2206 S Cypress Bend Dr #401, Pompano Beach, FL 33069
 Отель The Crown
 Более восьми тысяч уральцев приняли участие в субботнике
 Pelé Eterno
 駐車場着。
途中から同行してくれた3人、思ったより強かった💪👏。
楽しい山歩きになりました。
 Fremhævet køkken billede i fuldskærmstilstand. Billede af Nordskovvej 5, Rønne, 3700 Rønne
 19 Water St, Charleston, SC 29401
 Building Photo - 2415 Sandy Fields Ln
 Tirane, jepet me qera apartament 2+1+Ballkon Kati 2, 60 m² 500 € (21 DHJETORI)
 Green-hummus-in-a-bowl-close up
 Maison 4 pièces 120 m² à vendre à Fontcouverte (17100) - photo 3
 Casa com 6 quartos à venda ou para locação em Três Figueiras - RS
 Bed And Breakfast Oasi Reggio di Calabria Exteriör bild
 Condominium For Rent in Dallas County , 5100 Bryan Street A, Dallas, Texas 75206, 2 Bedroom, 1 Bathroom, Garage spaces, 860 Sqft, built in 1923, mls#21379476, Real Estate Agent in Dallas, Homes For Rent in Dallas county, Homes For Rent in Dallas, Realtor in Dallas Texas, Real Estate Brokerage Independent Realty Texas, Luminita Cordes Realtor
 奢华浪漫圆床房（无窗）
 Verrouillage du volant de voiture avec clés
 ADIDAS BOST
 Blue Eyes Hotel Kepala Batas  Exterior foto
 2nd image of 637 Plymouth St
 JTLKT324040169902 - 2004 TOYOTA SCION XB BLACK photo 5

■ **Task goal**: Go through the data and return every record exactly.

■ **Task answer**:
2206 S Cypress Bend Dr #401, Pompano Beach, FL 33069
 Отель The Crown
 Более восьми тысяч уральцев приняли участие в субботнике
 Pelé Eterno
 駐車場着。
途中から同行してくれた3人、思ったより強かった💪👏。
楽しい山歩きになりました。
 Fremhævet køkken billede i fuldskærmstilstand. Billede af Nordskovvej 5, Rønne, 3700 Rønne
 19 Water St, Charleston, SC 29401
 Building Photo - 2415 Sandy Fields Ln
 Tirane, jepet me qera apartament 2+1+Ballkon Kati 2, 60 m² 500 € (21 DHJETORI)
 Green-hummus-in-a-bowl-close up
 Maison 4 pièces 120 m² à vendre à Fontcouverte (17100) - photo 3
 Casa com 6 quartos à venda ou para locação em Três Figueiras - RS
 Bed And Breakfast Oasi Reggio di Calabria Exteriör bild
 Condominium For Rent in Dallas County , 5100 Bryan Street A, Dallas, Texas 75206, 2 Bedroom, 1 Bathroom, Garage spaces, 860 Sqft, built in 1923, mls#21379476, Real Estate Agent in Dallas, Homes For Rent in Dallas county, Homes For Rent in Dallas, Realtor in Dallas Texas, Real Estate Brokerage Independent Realty Texas, Luminita Cordes Realtor
 奢华浪漫圆床房（无窗）
 Verrouillage du volant de voiture avec clés
 ADIDAS BOST
 Blue Eyes Hotel Kepala Batas  Exterior foto
 2nd image of 637 Plymouth St
 JTLKT324040169902 - 2004 TOYOTA SCION XB BLACK photo 5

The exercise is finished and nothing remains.